> _Exercise data_:
☆ ☆ ☆ ☆ ☆
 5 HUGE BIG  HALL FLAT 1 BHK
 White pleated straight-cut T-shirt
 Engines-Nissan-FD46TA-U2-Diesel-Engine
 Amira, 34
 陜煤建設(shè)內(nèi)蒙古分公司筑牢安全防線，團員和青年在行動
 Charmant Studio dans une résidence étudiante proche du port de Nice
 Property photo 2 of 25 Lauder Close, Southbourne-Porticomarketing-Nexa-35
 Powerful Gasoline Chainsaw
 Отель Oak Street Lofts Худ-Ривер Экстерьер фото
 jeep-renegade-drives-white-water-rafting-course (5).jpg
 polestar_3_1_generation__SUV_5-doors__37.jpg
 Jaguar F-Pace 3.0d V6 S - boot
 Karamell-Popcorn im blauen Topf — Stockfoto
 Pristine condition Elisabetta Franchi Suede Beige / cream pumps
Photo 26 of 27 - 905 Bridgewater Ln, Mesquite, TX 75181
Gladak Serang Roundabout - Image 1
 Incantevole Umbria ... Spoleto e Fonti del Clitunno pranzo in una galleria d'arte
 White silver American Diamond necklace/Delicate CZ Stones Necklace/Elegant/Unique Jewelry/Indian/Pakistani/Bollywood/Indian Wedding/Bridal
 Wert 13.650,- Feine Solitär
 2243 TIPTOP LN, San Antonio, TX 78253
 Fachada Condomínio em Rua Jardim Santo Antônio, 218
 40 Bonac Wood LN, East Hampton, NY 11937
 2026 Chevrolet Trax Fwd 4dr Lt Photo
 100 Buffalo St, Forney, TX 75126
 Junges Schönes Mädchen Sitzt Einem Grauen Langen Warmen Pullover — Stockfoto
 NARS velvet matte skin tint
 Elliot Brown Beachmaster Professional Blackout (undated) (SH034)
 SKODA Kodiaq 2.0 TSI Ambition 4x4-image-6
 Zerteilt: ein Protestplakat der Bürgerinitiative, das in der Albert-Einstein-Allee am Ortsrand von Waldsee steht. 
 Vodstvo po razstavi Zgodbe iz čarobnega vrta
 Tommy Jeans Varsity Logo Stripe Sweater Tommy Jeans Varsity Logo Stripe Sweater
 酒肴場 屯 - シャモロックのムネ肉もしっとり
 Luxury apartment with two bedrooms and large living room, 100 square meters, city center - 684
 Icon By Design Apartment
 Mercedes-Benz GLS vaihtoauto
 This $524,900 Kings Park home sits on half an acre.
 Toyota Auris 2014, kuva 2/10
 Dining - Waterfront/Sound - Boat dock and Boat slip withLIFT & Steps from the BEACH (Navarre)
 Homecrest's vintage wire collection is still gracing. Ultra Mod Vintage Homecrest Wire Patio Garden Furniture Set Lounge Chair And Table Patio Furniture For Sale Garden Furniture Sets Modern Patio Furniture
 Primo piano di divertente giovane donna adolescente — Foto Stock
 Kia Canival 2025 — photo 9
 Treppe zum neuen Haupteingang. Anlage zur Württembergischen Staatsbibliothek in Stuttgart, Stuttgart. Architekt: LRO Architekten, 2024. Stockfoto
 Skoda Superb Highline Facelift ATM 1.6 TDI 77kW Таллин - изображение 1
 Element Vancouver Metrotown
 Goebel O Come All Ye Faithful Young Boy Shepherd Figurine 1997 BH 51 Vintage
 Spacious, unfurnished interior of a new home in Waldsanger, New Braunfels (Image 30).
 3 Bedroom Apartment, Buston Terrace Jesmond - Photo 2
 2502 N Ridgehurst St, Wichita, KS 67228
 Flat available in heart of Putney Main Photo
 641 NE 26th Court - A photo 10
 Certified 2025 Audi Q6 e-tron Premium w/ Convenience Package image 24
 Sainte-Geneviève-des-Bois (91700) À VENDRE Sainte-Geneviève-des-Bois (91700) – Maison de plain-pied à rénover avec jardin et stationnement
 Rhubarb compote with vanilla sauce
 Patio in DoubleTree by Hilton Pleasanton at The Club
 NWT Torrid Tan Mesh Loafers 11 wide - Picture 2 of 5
☆ ☆ ☆ ☆ ☆
> _Exercise instructions_: Please reproduce, exactly as they appear above, the lines from the line containing "Fachada Condomínio em" up to and including the line containing "NARS velvet matte skin tint".

> _Reply_:
 Fachada Condomínio em Rua Jardim Santo Antônio, 218
 40 Bonac Wood LN, East Hampton, NY 11937
 2026 Chevrolet Trax Fwd 4dr Lt Photo
 100 Buffalo St, Forney, TX 75126
 Junges Schönes Mädchen Sitzt Einem Grauen Langen Warmen Pullover — Stockfoto
 NARS velvet matte skin tint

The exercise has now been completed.